Bapak, Ibu, Saudara yang dikasihi Tuhan, ibadah itu bukan urusan horizontal. Ibadah itu adalah urusan yang vertikal: antara saya yang berdosa berdiri di hadapan Allah yang suci dan kudus. Kalau tidak ada Kristus yang menjadi Pengantara, saya nggak mungkin bisa berdiri di hadapan Allah. Tapi karena saya memiliki Kristus, karena Kristus telah datang, mati, dan bangkit dari kematian, itu yang membuat saya bisa datang dan menghadap Tuhan Allah yang suci itu. Tapi sikap hati kita tidak boleh meremehkan kesucian Allah. Hormat kita kepada Tuhan itu tetap harus dijaga, ya. Saya harap pada waktu kita memperingati kebangkitan Kristus ini, hati yang berkobar bagi Tuhan di dalam Kristus itu terjaga baik-baik di dalam hidup kita dan di dalam ibadah yang kita naikkan kepada Tuhan. Kiranya Tuhan boleh memberkati kita, ya. Mari kita masuk dalam doa.
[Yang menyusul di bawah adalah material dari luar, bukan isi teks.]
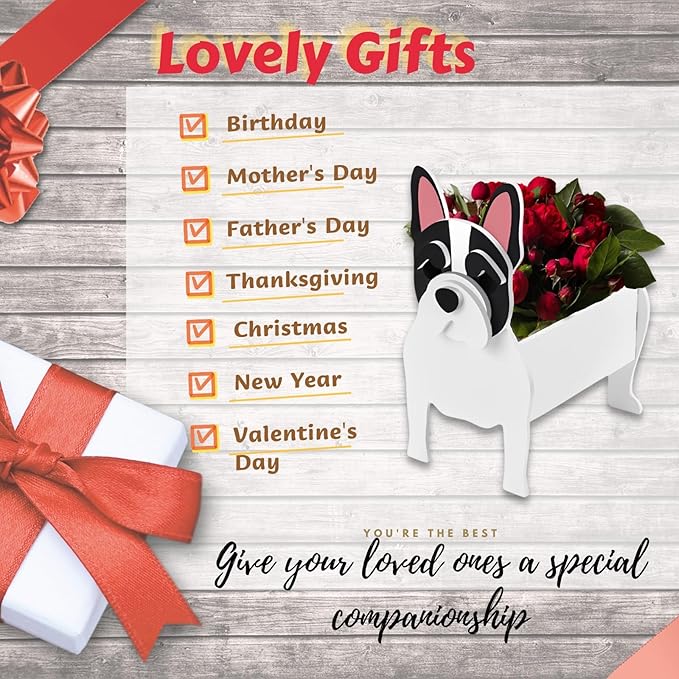 White French Bulldog Dog Planter Plant Pots,Cute Dog Flower Planter,Gifts for Pet Lovers,Unique Animal Plant Pots,Office,Indoor Outdoor Garden Decor(9.45 * 6.3 * 13.35in)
Kembali bersyukur, Bapa, untuk kebenaran yang boleh Engkau berikan bagi kami. Tolong kami ketika kami menjalani hidup kami, kami tidak menyia-nyiakan kebangkitan dari Kristus. Kami boleh makin menyadari cinta kasih Tuhan, tetapi juga sekaligus kesucian dan kekudusan Tuhan dalam hidup kami. Sehingga, ketika kami menghampiri Tuhan, kami boleh sadar satu hal: bahwa kami menghampiri Allah yang suci dan kudus yang telah memberikan belas kasih-Nya kepada kami di dalam Kristus Yesus. Dan ini membuat kami boleh meresponi kasih Tuhan dengan benar dalam kehidupan kami dengan rasa syukur, dengan rasa hormat, dan dengan kehidupan yang sungguh-sungguh memuliakan Tuhan. Tolong kami ya Bapa, berkati kami semua. Khususnya di hari Paskah ini kami boleh lebih mengagumi tindakan karya penebusan dan keselamatan yang telah Engkau kerjakan di dalam Kristus. Di dalam nama Tuhan Yesus kami berdoa. Amin.